Mutiara-timur.com- UNGKAPAN “Samaritan Love” bercikal bakal pada kisah bible, Luk 10:30-37, dengan judul, “Orang Samaria yang murah hati”. Di ujung dari membaca kisah ini, para pembaca  dihantar pada pertanyaan, “Apakah tindakan seorang iman dan seorang Lewi yang menghindari orang yang dirampok dan dipukul sampai “setengah mati” dalam kisah itu, benar atau salah dan harus dikukum?”

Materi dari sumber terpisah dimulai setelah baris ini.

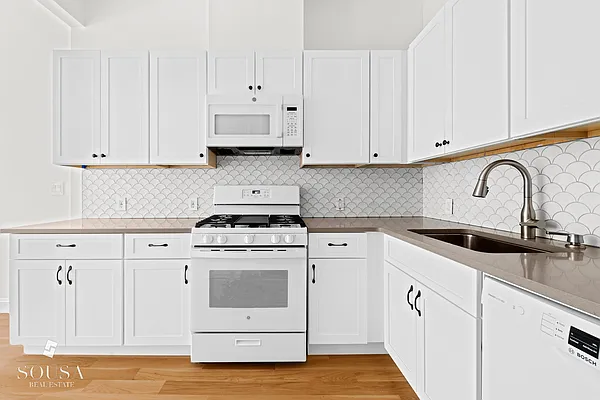 Rented by Sousa Real Estate, Inc. | media 12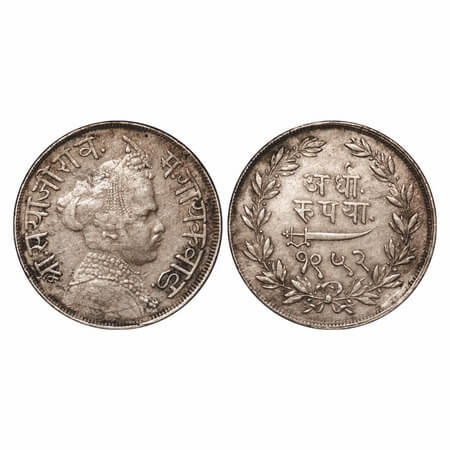 Baroda, Silver ½ Rupee, 5.63g, Sayaji Rao III (AH 1292-1357 / 1875-1938 AD), VS 1952. KM Y
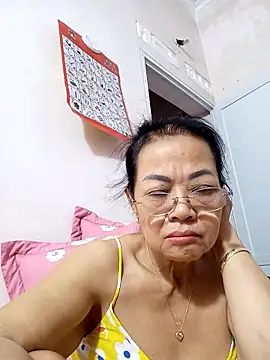 Hotestlove online show from September 13, 2025, 9:59 pm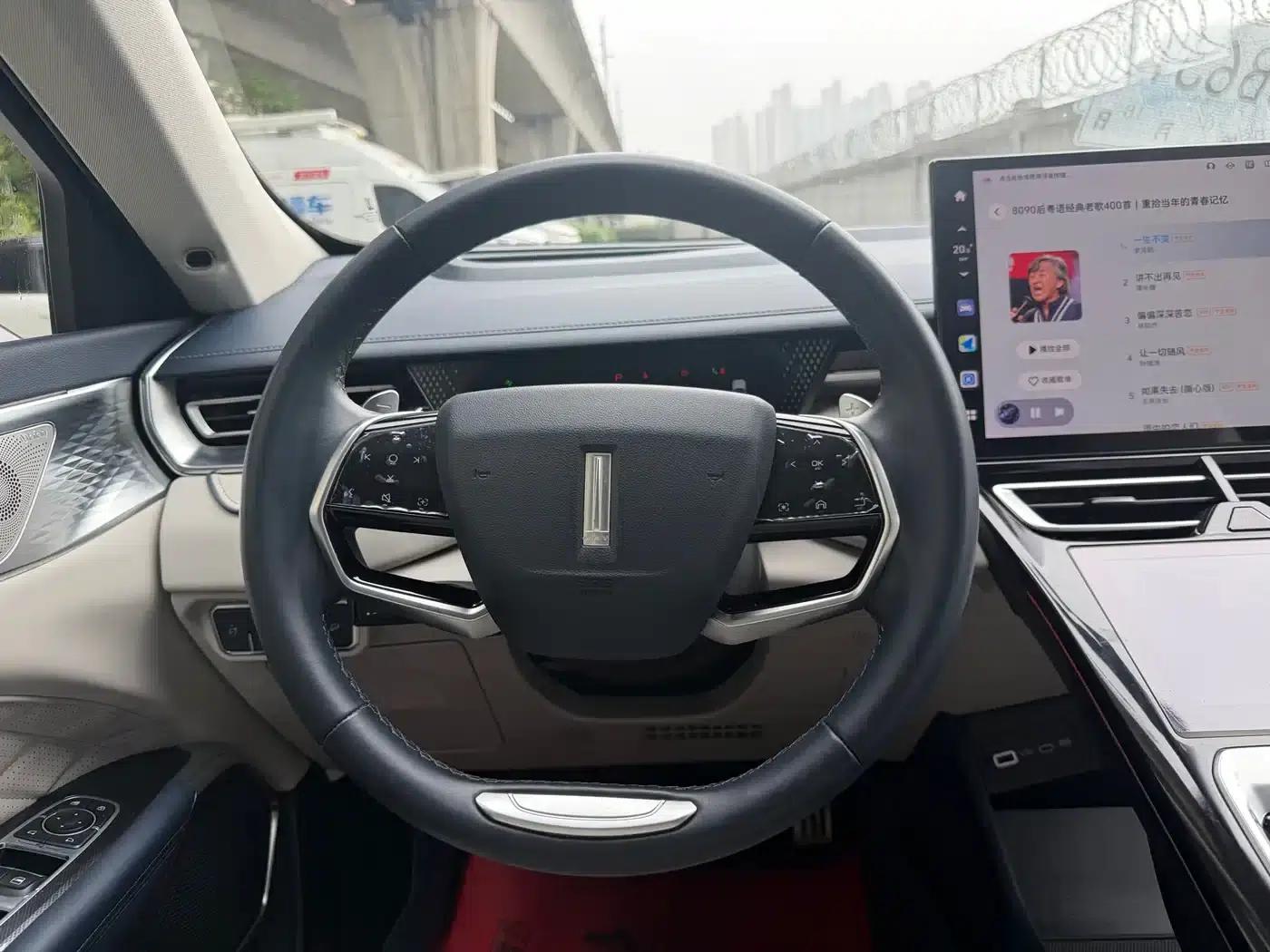 Wey brand Mocha 2021 2.0T 4WD Special Edition — миниатюра 8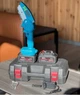 Акумуляторна ланцюгова міні пила Mini Electric Chainsaw 48v для обрізки дерев два акумулятори в кейсі 4″ Mini Electric Chainsaw (3477) - зображення 3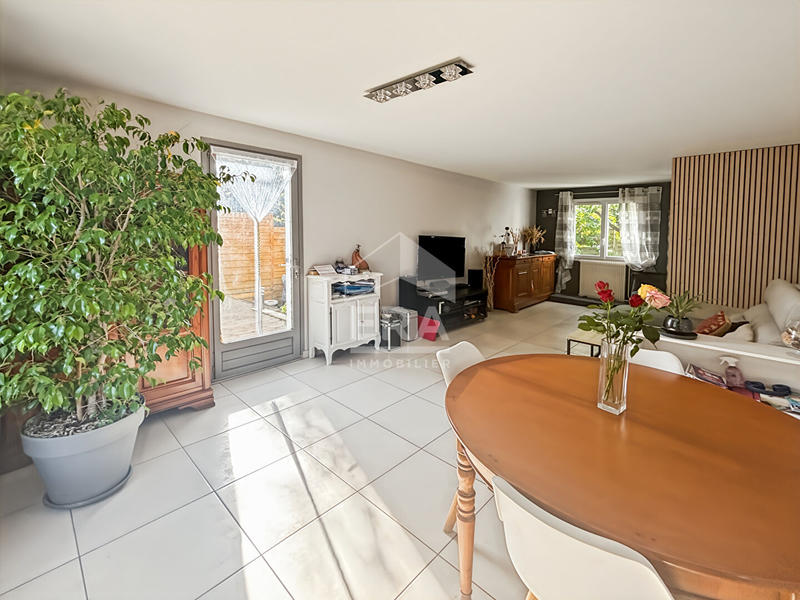 Maison - 110 m² - 5 pièces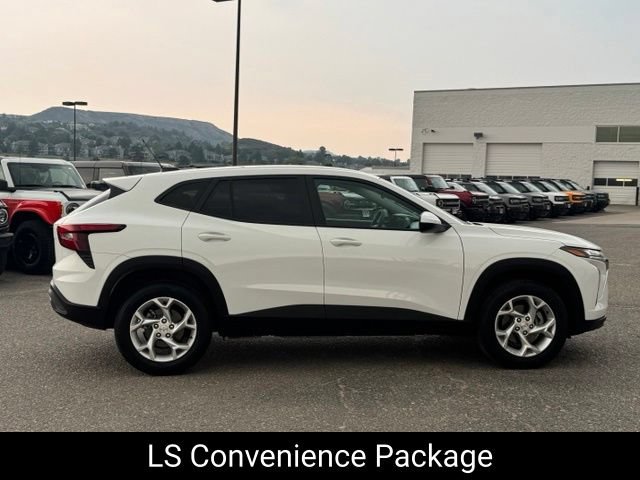 Used 2026 Chevrolet Trax LS w/ LS Convenience Package FWD image 7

Jawaban perdana, berdasarkan pada The good Samaritan Law, “Bahwa melakukan tindakan keselamatan dengan dasar kemanusiaan adalah tindakan yang sungguh benar.” Apabila seseorang yang berada dalam kondisi genting dan mampu melakukan pertolongan pertama, maka dia wajib melakukannya- apapun hasilnya. Jika dia hanya diam saja maka dapat terkena sangsi hukum. Katakana saja, bahwa hukuman dijatuhkan bagi yang tidak menolong, yang kedapatan ada di tempat kejadian perkara/ TKP.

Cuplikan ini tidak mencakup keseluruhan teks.